Among the many reasons to like Taking People With You: The Only Way to Make Big Things Happen by David Novak is that on these two critical points where most leadership books are terrible, it’s extraordinarily good. Specifically:
Credibility. Novak is CEO of Yum! Brands (I will henceforward omit the exclamation point, lest the constant excitement of mentioning the company become distracting). Yum (YUM) is the restaurant business spun off from PepsiCo (PEP) in 1997, comprising KFC, Pizza Hut, and Taco Bell, and Novak has run it from the beginning. Its performance has been spectacular. The stock has risen almost 16% a year on average; Yum’s return on capital consistently towers over its cost of capital. If anyone in business has earned the right to opine on leadership, Novak has.
Usefulness. Besides being the title of this book, Taking People With You is the name of a three-day leadership program that Novak teaches up to eight times a year within the company; he began developing it even before Yum was spun off and has taught it to more than 4,000 employees. So this book isn’t just Novak’s thoughts on leadership; it’s a highly organized program. In fact, it isn’t a book you curl up with at all; it’s a workbook, so be prepared to work. Novak recommends reading just one chapter a day. I’d say one a week.
This book is demanding because Novak understands that leadership isn’t about techniques. It’s about your own deep nature, your traits as a human being, and how you connect with other people at deep levels. Most business books tell you to do analysis; this one makes you do psychoanalysis, mostly of yourself, and that’s a lot harder. Calculating free cash flow is easy. Being honest with yourself about whether you ever pretend to be something you’re not, whether others see you as reliable, whether you really value the contributions of others — that can leave you exhausted.

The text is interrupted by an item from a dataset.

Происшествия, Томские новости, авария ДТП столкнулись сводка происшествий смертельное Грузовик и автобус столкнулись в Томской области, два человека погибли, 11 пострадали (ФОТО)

Taking People With You isn’t entirely about introspection. It’s also about strategy and structure, action plans and execution. But those things come later. The foundation of the book’s message is the profoundly human experience of leading. For example, one of Novak’s most powerful themes is the value of recognition — he is an absolute fanatic about publicly recognizing good performance, and recognition is at the heart of Yum’s culture. It’s such a simple concept; recognition costs nothing, and its value is staggering. Yet most managers seem virtually clueless about this basic facet of human nature.
Not many business leaders have produced long-term performance that merits our attention; of those few, not many write books; and of those who do, hardly any write good books. Novak is in that tiny subset. You can safely declutter much of your business leadership bookshelf, even if it’s just taking up gigabytes in your iPad or Kindle, and install this one in the vast empty space.